I have spoken/written on many occasions on how I read Ephesians 4:7-16 –
that God has made each one of us primarily as an apostle, a prophet, an evangelist, a pastor or a teacher;
that this primary role is nuanced by the degree to which God has gifted us, and by his drawing us into seasons of functioning in each of the other four primary roles;
that when we enter into his kingdom, we offer ourselves to the service of the king, who in turn gives us to his body – the church – as gift;
that each type of person plays a different, and necessary, role – but that our different approaches can cause real tension, even conflict, and so we must learn how we differ and how to work together, including confessing our failures and forgiving one another.
This is not a ‘church’ role, but a ‘life’ role – the way in which we are called to play our part in God’s mission to create environments for life to flourish, and preventing life from being overwhelmed by chaos...and at the same time, the way in which we can contribute to the chaos, if we misuse the grace we have been given.
Therefore, it is important to me to find ways of helping people to discover how God has made them, and how to live according to that grace.
One of the things I want you to see is that apostles, prophets, evangelists, pastors, and teachers function in different ways in the same workplace. To illustrate, consider five British chefs: Heston Blumenthal, Hugh Fearnley Whittingstall, Jamie Oliver, Nigel Slater, and Marco Pierre White.
Heston Blumenthal : Apostle
Heston Blumenthal is a pioneer: absolutely committed to the tradition and discipline of cooking, but always seeking to push the boundaries, to do what has not been done before; to pursue a faithful improvisation, exploring, experimenting, re-inventing, paring back, challenging received wisdom. In this way, the vocation of preparing food is renewed – called back to, and forward in, its purpose.
Hugh Fearnley Whittingstall : Prophet
Hugh Fearnley Whittingstall is a prophetic voice, in particular addressing the supermarket Empires and the ways in which they exert control over producer and customer alike, and (as a meat-lover, not a vegetarian) excessive cruelty in the production of meat. In this way, our attitudes as eaters, and the practices of the food industry, are challenged to reflect justice and the care of the earth.
Jamie Oliver : Evangelist
Jamie Oliver is an enthusiast and passionate communicator, who is on a mission to bring people the good news that healthy and tasty eating is not beyond our ability to prepare, in time or financial expense or effort; and to encourage us to pass on what we have learnt to be true, so as to change the culture in which we live. In this way, the ability to cook is extended to those who previously lacked the knowledge, or even the knowledge that it was possible; and good news is shared, and shared in the face of many bad news stories about the state of our food health.
Nigel Slater : Pastor
In many ways, Nigel Slater is the antithesis of Heston Blumenthal, believing that “Real food means big-flavoured, unpretentious cooking. Good ingredients made into something worth eating. Just nice, uncomplicated food.” For Slater, food is about emotional comfort, and physical delight. His concern is that, in the pursuit of the vocation, the human need at its heart is forgotten. In this way, chefs are reminded that they do not serve themselves, but others; and that where in focussing on the food the person is forgotten, the vocation has gone astray.

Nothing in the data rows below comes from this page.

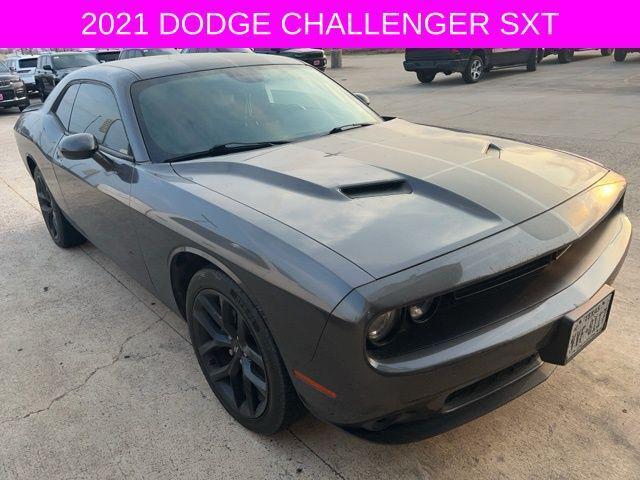2021 Dodge Challenger SXT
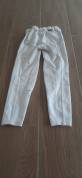Pantalon de concour blanc Fouganza
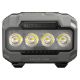 Εικόνα της Φακός Κεφαλής NiteCore HA23 UHE 600lm IP68 Black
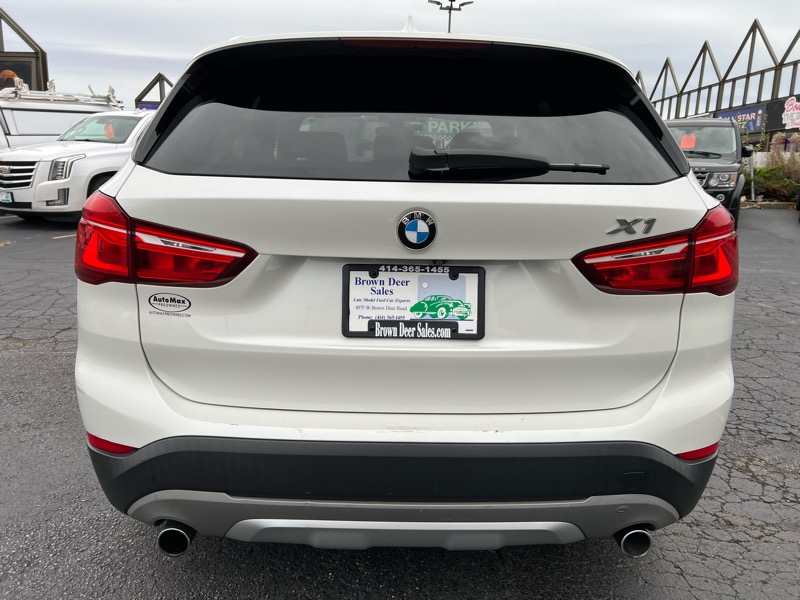 BMW X1 xDrive28i 2018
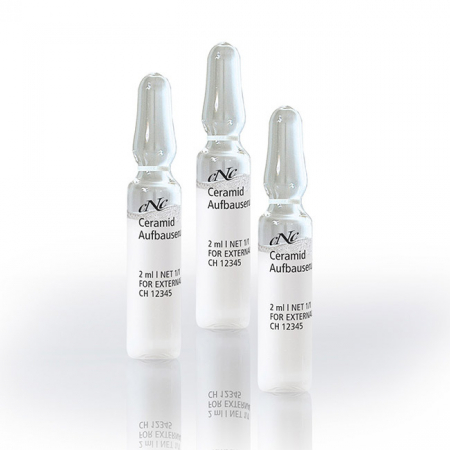 CNC Skincare - CNC Ceramid Aufbauserum 10*2 ml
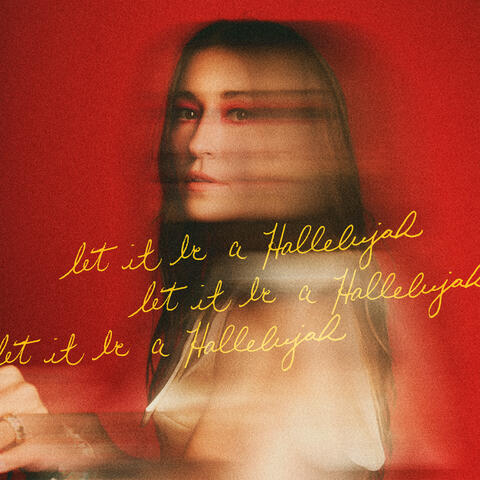 Let It Be A Hallelujah album art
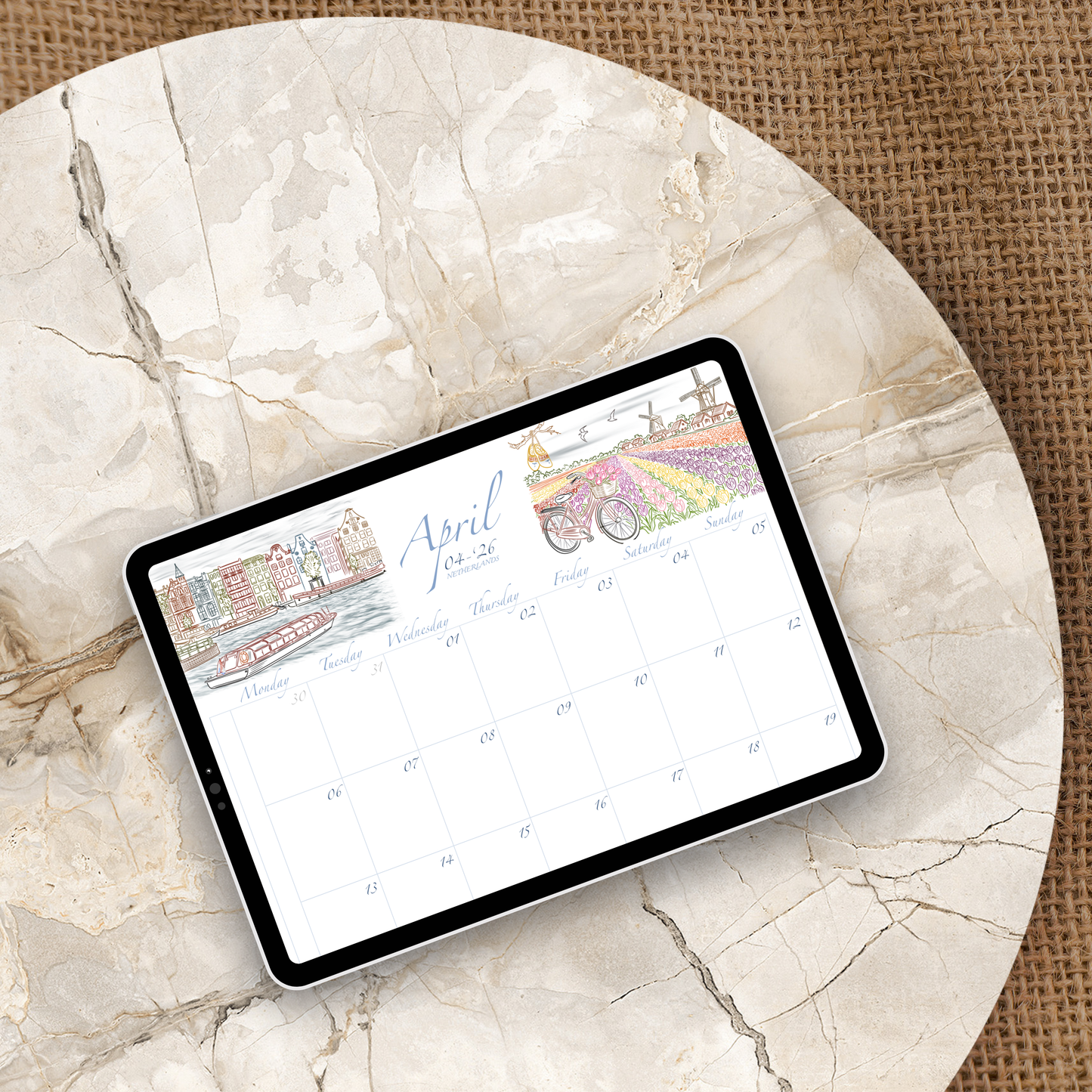 April 2026 | The NETHERLANDS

Marco Pierre White : Teacher
Marco Pierre White was the youngest British chef to be awarded 3 Michelin stars. But White retired from cooking for customers, and has poured his energy into mentoring apprentices. Of course, the other chefs I have looked at in this post also train others, but in White’s case it is a primary focus, more than just an aspect of another pursuit. In this way, the next generation of chefs get their start.
This is just one example, and – as any one example inevitably is – a limited example at that. The point is to illustrate how different people-gifts serve different roles; that we need all five roles at play; and that the coming-together of roles can create conflict (some combinations more than others) (or blind-spots - some combinations more than others).
What has God given you grace and gifted you to be? Apostle, prophet, evangelist, pastor, or teacher? And how might you better work according to that grace?